Problem requirements:
Only one span is wanted from the lines below: from the one with "جلي بلاط تلمیع" up to and including the one with "Мини-печь GFgril GFO-38B Convection Plus". Copy it exactly, without images.

Task input:
- - -

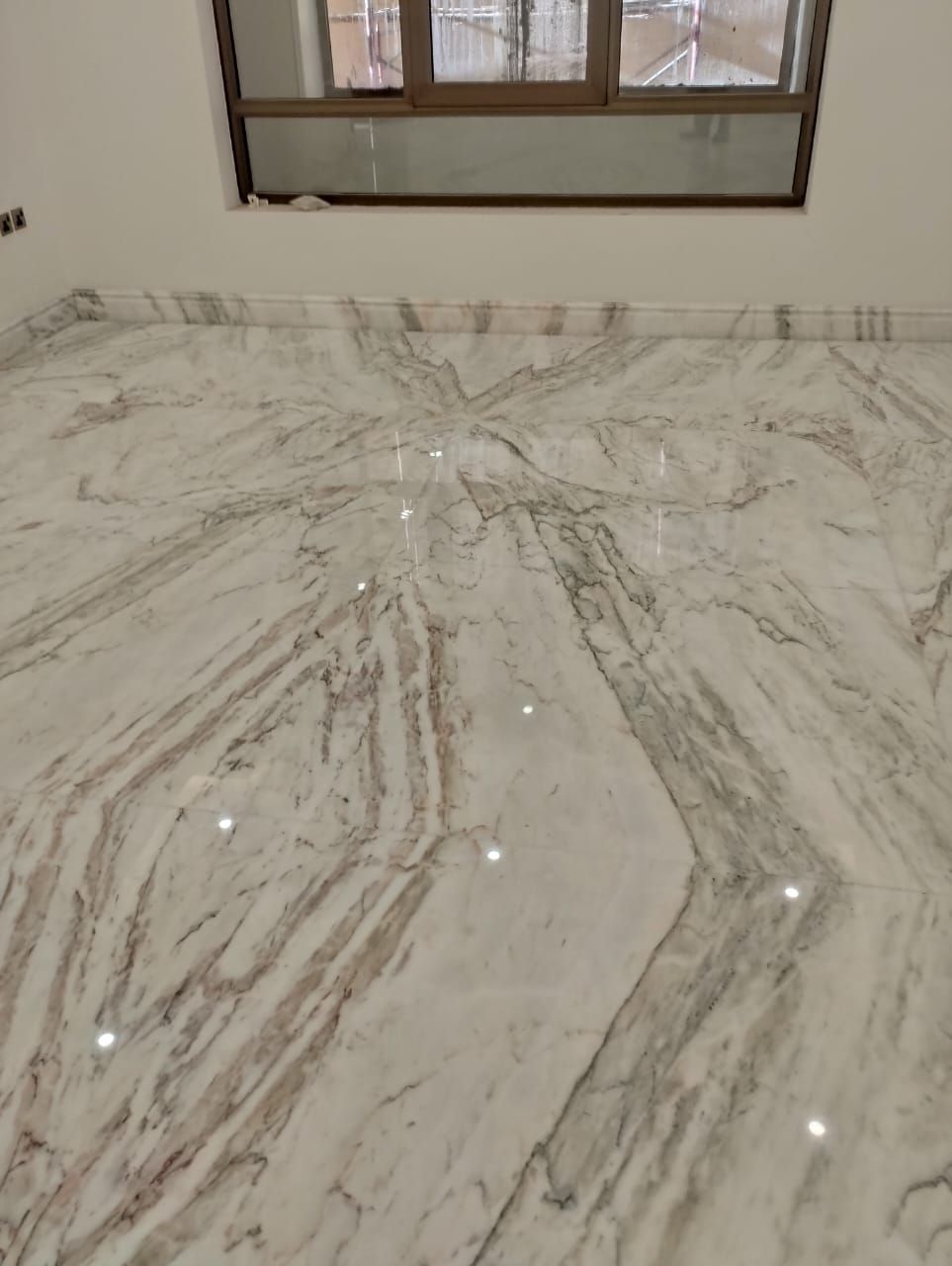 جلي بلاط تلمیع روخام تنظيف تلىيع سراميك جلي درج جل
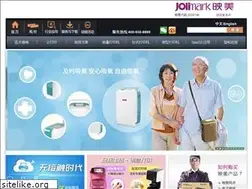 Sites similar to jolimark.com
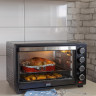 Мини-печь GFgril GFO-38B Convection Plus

- - -

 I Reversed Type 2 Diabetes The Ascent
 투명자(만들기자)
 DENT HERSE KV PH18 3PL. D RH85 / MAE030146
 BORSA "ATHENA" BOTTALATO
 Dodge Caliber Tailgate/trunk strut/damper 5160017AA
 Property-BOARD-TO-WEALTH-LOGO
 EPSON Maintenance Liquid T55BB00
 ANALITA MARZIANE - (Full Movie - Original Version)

- - -

Exercise answer:
 جلي بلاط تلمیع روخام تنظيف تلىيع سراميك جلي درج جل
 Sites similar to jolimark.com
 Мини-печь GFgril GFO-38B Convection Plus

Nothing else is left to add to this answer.